Top of DATA RECORDS

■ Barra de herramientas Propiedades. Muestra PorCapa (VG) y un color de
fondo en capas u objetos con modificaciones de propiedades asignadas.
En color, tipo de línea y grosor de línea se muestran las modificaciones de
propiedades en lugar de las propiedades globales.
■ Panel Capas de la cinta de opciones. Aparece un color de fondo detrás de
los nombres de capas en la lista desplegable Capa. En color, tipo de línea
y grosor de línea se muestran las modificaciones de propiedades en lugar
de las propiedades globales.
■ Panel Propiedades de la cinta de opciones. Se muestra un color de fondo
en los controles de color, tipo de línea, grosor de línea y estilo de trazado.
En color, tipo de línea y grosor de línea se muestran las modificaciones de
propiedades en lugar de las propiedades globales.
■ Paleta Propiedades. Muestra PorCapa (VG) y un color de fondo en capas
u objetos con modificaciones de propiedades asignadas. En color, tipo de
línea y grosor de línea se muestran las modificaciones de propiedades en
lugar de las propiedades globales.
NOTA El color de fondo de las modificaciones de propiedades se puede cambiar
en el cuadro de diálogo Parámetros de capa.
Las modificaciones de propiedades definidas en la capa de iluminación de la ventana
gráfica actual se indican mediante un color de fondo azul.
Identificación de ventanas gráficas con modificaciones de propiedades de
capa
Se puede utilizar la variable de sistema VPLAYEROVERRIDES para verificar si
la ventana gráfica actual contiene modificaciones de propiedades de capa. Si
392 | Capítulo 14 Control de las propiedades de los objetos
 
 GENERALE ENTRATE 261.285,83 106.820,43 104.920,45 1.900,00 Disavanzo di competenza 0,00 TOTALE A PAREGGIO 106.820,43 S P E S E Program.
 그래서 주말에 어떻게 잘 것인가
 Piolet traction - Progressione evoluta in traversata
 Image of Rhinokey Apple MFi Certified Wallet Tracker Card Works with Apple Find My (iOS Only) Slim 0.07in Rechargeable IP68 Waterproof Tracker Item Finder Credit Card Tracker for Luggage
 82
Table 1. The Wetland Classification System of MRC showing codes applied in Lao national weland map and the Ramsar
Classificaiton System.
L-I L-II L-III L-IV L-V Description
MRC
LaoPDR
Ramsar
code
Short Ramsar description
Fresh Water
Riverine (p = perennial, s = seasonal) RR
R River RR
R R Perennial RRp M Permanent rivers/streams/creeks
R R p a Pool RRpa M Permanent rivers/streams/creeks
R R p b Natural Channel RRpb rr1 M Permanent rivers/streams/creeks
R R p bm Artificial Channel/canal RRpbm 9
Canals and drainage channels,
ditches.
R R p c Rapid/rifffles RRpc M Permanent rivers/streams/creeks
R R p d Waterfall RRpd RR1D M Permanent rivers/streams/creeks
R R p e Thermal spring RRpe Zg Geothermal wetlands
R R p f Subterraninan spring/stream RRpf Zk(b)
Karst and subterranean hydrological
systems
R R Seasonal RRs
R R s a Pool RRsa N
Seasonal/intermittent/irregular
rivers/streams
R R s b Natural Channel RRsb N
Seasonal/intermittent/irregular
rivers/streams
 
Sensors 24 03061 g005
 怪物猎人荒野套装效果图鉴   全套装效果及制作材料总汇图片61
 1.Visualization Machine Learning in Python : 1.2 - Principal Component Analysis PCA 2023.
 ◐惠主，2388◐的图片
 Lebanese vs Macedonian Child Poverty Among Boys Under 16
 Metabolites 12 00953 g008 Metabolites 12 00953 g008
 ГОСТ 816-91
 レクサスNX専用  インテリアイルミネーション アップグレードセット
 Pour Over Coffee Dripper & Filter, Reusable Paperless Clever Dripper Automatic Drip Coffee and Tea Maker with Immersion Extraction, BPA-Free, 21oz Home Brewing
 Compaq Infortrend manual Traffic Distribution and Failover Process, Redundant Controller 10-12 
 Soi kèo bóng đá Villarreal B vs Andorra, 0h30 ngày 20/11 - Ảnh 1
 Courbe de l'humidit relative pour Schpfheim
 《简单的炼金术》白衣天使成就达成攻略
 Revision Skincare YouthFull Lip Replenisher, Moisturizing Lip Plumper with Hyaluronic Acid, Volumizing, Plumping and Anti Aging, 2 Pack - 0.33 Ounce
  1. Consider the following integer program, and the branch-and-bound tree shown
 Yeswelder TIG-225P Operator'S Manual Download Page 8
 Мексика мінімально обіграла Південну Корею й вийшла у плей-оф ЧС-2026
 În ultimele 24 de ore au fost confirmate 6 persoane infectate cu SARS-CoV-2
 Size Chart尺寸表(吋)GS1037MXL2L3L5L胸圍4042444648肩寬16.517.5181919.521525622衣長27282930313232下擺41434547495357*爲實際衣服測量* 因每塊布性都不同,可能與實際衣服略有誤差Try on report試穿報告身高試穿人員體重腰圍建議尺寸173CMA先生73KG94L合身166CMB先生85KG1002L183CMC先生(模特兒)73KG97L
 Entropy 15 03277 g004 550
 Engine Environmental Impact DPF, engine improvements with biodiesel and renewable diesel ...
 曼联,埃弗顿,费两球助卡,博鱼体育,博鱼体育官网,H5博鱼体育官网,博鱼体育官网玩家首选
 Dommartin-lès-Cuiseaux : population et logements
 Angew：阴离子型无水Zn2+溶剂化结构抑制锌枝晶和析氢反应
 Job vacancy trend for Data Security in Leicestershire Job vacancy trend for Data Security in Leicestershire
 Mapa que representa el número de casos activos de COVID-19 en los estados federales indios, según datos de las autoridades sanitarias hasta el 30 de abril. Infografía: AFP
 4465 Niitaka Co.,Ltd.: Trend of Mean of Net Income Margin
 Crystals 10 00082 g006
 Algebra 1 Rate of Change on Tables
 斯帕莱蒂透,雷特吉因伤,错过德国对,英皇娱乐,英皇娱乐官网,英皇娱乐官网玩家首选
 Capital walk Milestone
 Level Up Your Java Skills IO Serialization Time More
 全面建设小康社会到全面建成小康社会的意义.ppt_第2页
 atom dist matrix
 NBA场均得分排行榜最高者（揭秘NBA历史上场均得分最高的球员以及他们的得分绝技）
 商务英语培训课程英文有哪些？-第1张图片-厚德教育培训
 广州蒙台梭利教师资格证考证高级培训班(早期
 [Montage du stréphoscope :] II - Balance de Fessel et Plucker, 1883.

Bottom of DATA RECORDS

TASK INSTRUCTIONS: Every line above needs to be repeated exactly as shown.

WRITTEN SOLUTION:
■ Barra de herramientas Propiedades. Muestra PorCapa (VG) y un color de
fondo en capas u objetos con modificaciones de propiedades asignadas.
En color, tipo de línea y grosor de línea se muestran las modificaciones de
propiedades en lugar de las propiedades globales.
■ Panel Capas de la cinta de opciones. Aparece un color de fondo detrás de
los nombres de capas en la lista desplegable Capa. En color, tipo de línea
y grosor de línea se muestran las modificaciones de propiedades en lugar
de las propiedades globales.
■ Panel Propiedades de la cinta de opciones. Se muestra un color de fondo
en los controles de color, tipo de línea, grosor de línea y estilo de trazado.
En color, tipo de línea y grosor de línea se muestran las modificaciones de
propiedades en lugar de las propiedades globales.
■ Paleta Propiedades. Muestra PorCapa (VG) y un color de fondo en capas
u objetos con modificaciones de propiedades asignadas. En color, tipo de
línea y grosor de línea se muestran las modificaciones de propiedades en
lugar de las propiedades globales.
NOTA El color de fondo de las modificaciones de propiedades se puede cambiar
en el cuadro de diálogo Parámetros de capa.
Las modificaciones de propiedades definidas en la capa de iluminación de la ventana
gráfica actual se indican mediante un color de fondo azul.
Identificación de ventanas gráficas con modificaciones de propiedades de
capa
Se puede utilizar la variable de sistema VPLAYEROVERRIDES para verificar si
la ventana gráfica actual contiene modificaciones de propiedades de capa. Si
392 | Capítulo 14 Control de las propiedades de los objetos
 
 GENERALE ENTRATE 261.285,83 106.820,43 104.920,45 1.900,00 Disavanzo di competenza 0,00 TOTALE A PAREGGIO 106.820,43 S P E S E Program.
 그래서 주말에 어떻게 잘 것인가
 Piolet traction - Progressione evoluta in traversata
 Image of Rhinokey Apple MFi Certified Wallet Tracker Card Works with Apple Find My (iOS Only) Slim 0.07in Rechargeable IP68 Waterproof Tracker Item Finder Credit Card Tracker for Luggage
 82
Table 1. The Wetland Classification System of MRC showing codes applied in Lao national weland map and the Ramsar
Classificaiton System.
L-I L-II L-III L-IV L-V Description
MRC
LaoPDR
Ramsar
code
Short Ramsar description
Fresh Water
Riverine (p = perennial, s = seasonal) RR
R River RR
R R Perennial RRp M Permanent rivers/streams/creeks
R R p a Pool RRpa M Permanent rivers/streams/creeks
R R p b Natural Channel RRpb rr1 M Permanent rivers/streams/creeks
R R p bm Artificial Channel/canal RRpbm 9
Canals and drainage channels,
ditches.
R R p c Rapid/rifffles RRpc M Permanent rivers/streams/creeks
R R p d Waterfall RRpd RR1D M Permanent rivers/streams/creeks
R R p e Thermal spring RRpe Zg Geothermal wetlands
R R p f Subterraninan spring/stream RRpf Zk(b)
Karst and subterranean hydrological
systems
R R Seasonal RRs
R R s a Pool RRsa N
Seasonal/intermittent/irregular
rivers/streams
R R s b Natural Channel RRsb N
Seasonal/intermittent/irregular
rivers/streams
 
Sensors 24 03061 g005
 怪物猎人荒野套装效果图鉴   全套装效果及制作材料总汇图片61
 1.Visualization Machine Learning in Python : 1.2 - Principal Component Analysis PCA 2023.
 ◐惠主，2388◐的图片
 Lebanese vs Macedonian Child Poverty Among Boys Under 16
 Metabolites 12 00953 g008 Metabolites 12 00953 g008
 ГОСТ 816-91
 レクサスNX専用  インテリアイルミネーション アップグレードセット
 Pour Over Coffee Dripper & Filter, Reusable Paperless Clever Dripper Automatic Drip Coffee and Tea Maker with Immersion Extraction, BPA-Free, 21oz Home Brewing
 Compaq Infortrend manual Traffic Distribution and Failover Process, Redundant Controller 10-12 
 Soi kèo bóng đá Villarreal B vs Andorra, 0h30 ngày 20/11 - Ảnh 1
 Courbe de l'humidit relative pour Schpfheim
 《简单的炼金术》白衣天使成就达成攻略
 Revision Skincare YouthFull Lip Replenisher, Moisturizing Lip Plumper with Hyaluronic Acid, Volumizing, Plumping and Anti Aging, 2 Pack - 0.33 Ounce
  1. Consider the following integer program, and the branch-and-bound tree shown
 Yeswelder TIG-225P Operator'S Manual Download Page 8
 Мексика мінімально обіграла Південну Корею й вийшла у плей-оф ЧС-2026
 În ultimele 24 de ore au fost confirmate 6 persoane infectate cu SARS-CoV-2
 Size Chart尺寸表(吋)GS1037MXL2L3L5L胸圍4042444648肩寬16.517.5181919.521525622衣長27282930313232下擺41434547495357*爲實際衣服測量* 因每塊布性都不同,可能與實際衣服略有誤差Try on report試穿報告身高試穿人員體重腰圍建議尺寸173CMA先生73KG94L合身166CMB先生85KG1002L183CMC先生(模特兒)73KG97L
 Entropy 15 03277 g004 550
 Engine Environmental Impact DPF, engine improvements with biodiesel and renewable diesel ...
 曼联,埃弗顿,费两球助卡,博鱼体育,博鱼体育官网,H5博鱼体育官网,博鱼体育官网玩家首选
 Dommartin-lès-Cuiseaux : population et logements
 Angew：阴离子型无水Zn2+溶剂化结构抑制锌枝晶和析氢反应
 Job vacancy trend for Data Security in Leicestershire Job vacancy trend for Data Security in Leicestershire
 Mapa que representa el número de casos activos de COVID-19 en los estados federales indios, según datos de las autoridades sanitarias hasta el 30 de abril. Infografía: AFP
 4465 Niitaka Co.,Ltd.: Trend of Mean of Net Income Margin
 Crystals 10 00082 g006
 Algebra 1 Rate of Change on Tables
 斯帕莱蒂透,雷特吉因伤,错过德国对,英皇娱乐,英皇娱乐官网,英皇娱乐官网玩家首选
 Capital walk Milestone
 Level Up Your Java Skills IO Serialization Time More
 全面建设小康社会到全面建成小康社会的意义.ppt_第2页
 atom dist matrix
 NBA场均得分排行榜最高者（揭秘NBA历史上场均得分最高的球员以及他们的得分绝技）
 商务英语培训课程英文有哪些？-第1张图片-厚德教育培训
 广州蒙台梭利教师资格证考证高级培训班(早期
 [Montage du stréphoscope :] II - Balance de Fessel et Plucker, 1883.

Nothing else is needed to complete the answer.